Innovative testing refers to the use of novel methods to test students in richer ways than can be accomplished using traditional testing approaches. This generally means the use of technology like computers to deliver test questions that require students to watch or listen to multimedia stimuli, manipulate virtual objects in interactive situations, and/or construct rather than select their responses. The goal of innovative testing is to measure students’ knowledge and skills at deeper levels and measure constructs not easily assessed, such as problem solving, critical analysis, and collaboration. This will help us better understand what students have and haven’t learned, and what misconceptions they might hold—and thus support decisions such as those related to accountability as well as what instructional interventions might be appropriate for individual students.
Educational testing has always involved innovative approaches. As hidden properties of students, knowledge and skill are generally impossible to measure directly and very difficult to measure indirectly, often requiring the use of complex validity arguments. However, to the extent that newer technologies may allow us to more directly assess students’ knowledge and skills—by asking students to accomplish tasks that more faithfully represent the underlying constructs they’re designed to measure—innovative testing holds the promise of more authentic methods of testing based upon simpler validity arguments. And as such, measurement of constructs that are “higher up” on taxonomies of depth of understanding, such as Bloom’s and Webb’s, should be become more attainable.
Consider assessing a high school student’s ability to design an experimental study. Is this the same as his or her ability to identify one written description of a well-designed experiment amongst three written descriptions of poorly designed experiments? Certainly there will be a correlation between the two; the question is how good a correlation, or more bluntly, how artificial the context. And further, to what extent is such a correlation a self-fulfilled prophesy, such that students who might be good at thinking and doing science but not at narrowly defined assessment tasks are likely to do poorly in school as a result of poor test scores due to the compounding impact of negative feedback?
Many will recall the promise of performance assessment in the 90’s to test students more authentically. Performance testing didn’t live up to its potential, in large part because of the challenges of standardized administration and accurate scoring. Enter innovative questions—performance testing riding the back of digital technologies and new media. Richer assessment scenarios and opportunities for response can be administered equitably and at scale. Comprehensive student interaction data can be collected and scored by humans in efficient, distributed setting, automatically by computer, or both. In short, the opportunity for both large-scale and small-scale testing of students using tasks that more closely resemble real-world application of learning standards is now available.

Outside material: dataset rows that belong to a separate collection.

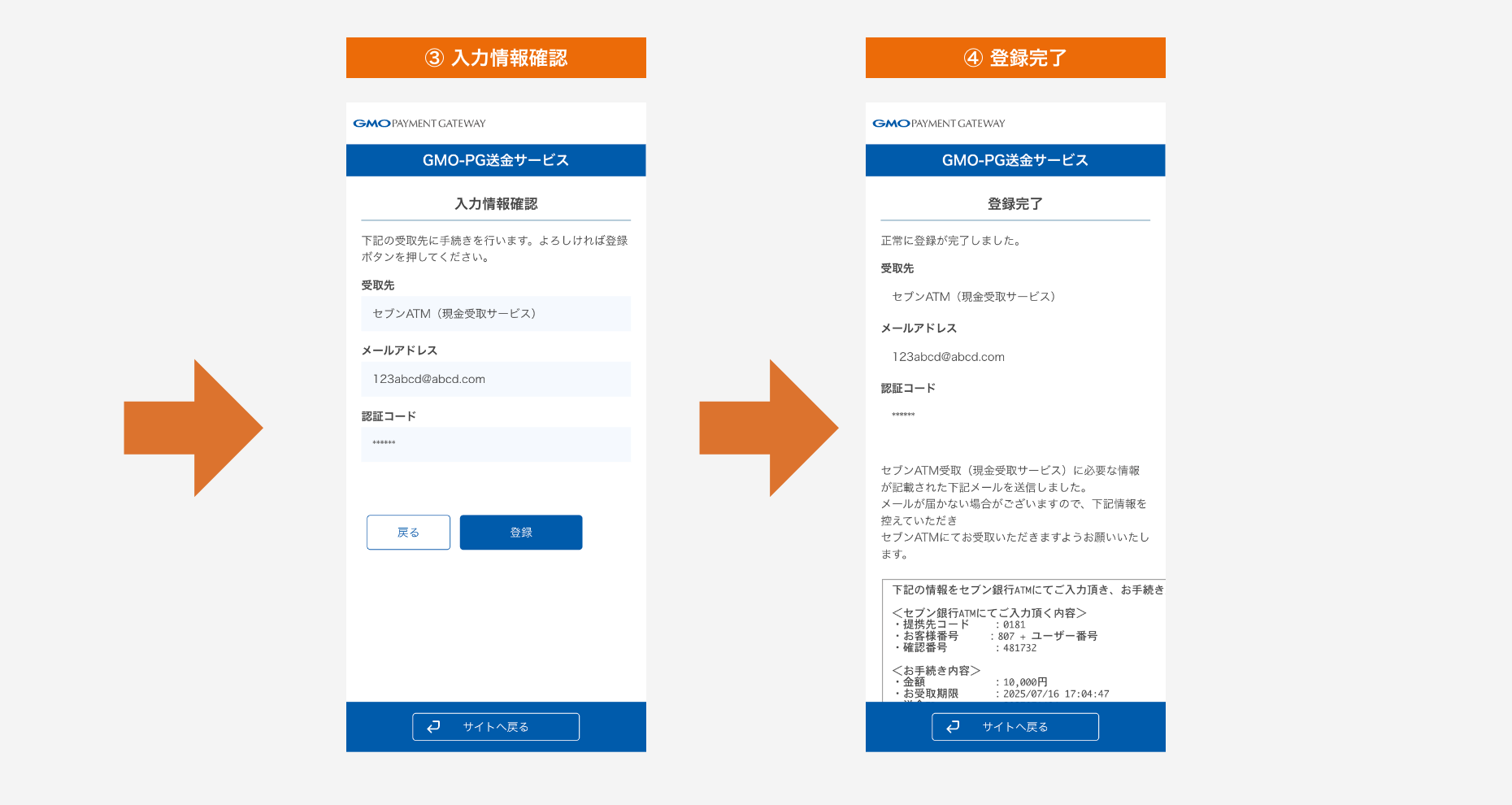 リセール出品後の代金受取について | サンフレチケット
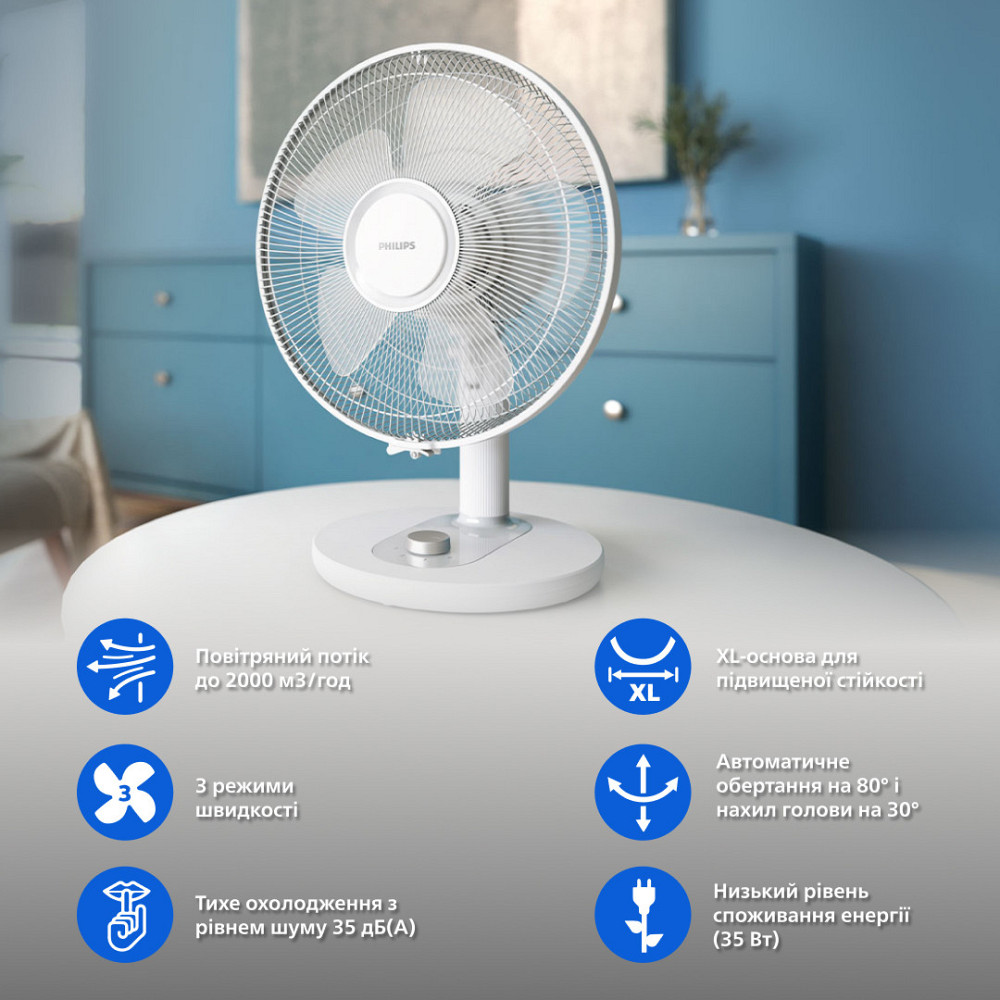Вентилятор Philips CX1030/00 ( 28549 ) Харків - фото 2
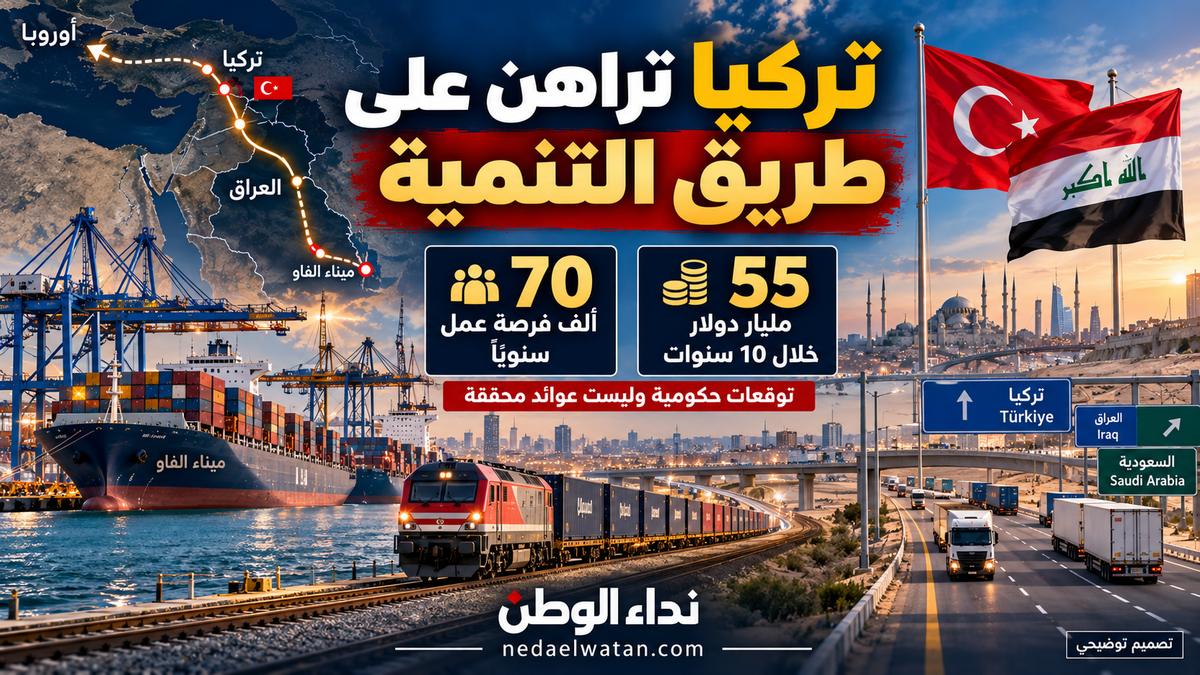 تركيا تراهن على طريق التنمية: 55 مليار دولار و70 ألف فرصة عمل سنويًا.. ما دور العراق والسعودية؟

Without question, creating innovative test questions presents additional challenges over that of simpler, traditional ones. As with any performance task, validity arguments become more complex and reliability of scoring becomes a larger concern. Fortunately, there has been some excellent initial work in the area of understanding how, including the development of taxonomies and rich descriptions for understanding innovative questions (e.g., Scalise; Zenisky). Most notable are two approaches that directly address validity. The first is evidence-centered design, an approach to creating educational assessments in terms of evidentiary arguments built upon intended constructs. The second is a preliminary set of guidelines for the appropriate use of technology in developing innovative questions through application of universal design principles that take into account how students interact with those questions as a function of their perceptual, linguistic, cognitive, motoric, executive, and affective skills and challenges. Approaches such as these are especially essential if we are to help ensure the needs of students with disabilities and English language learners are considered from the beginning in designing our tests.
Do we know that innovative questions will indeed allow us to test students to greater depths of knowledge and skill than traditional ones, and whether will they do so in a valid, reliable, and fair manner? And will the purported cost effectiveness be realized? These are all questions that need ongoing research.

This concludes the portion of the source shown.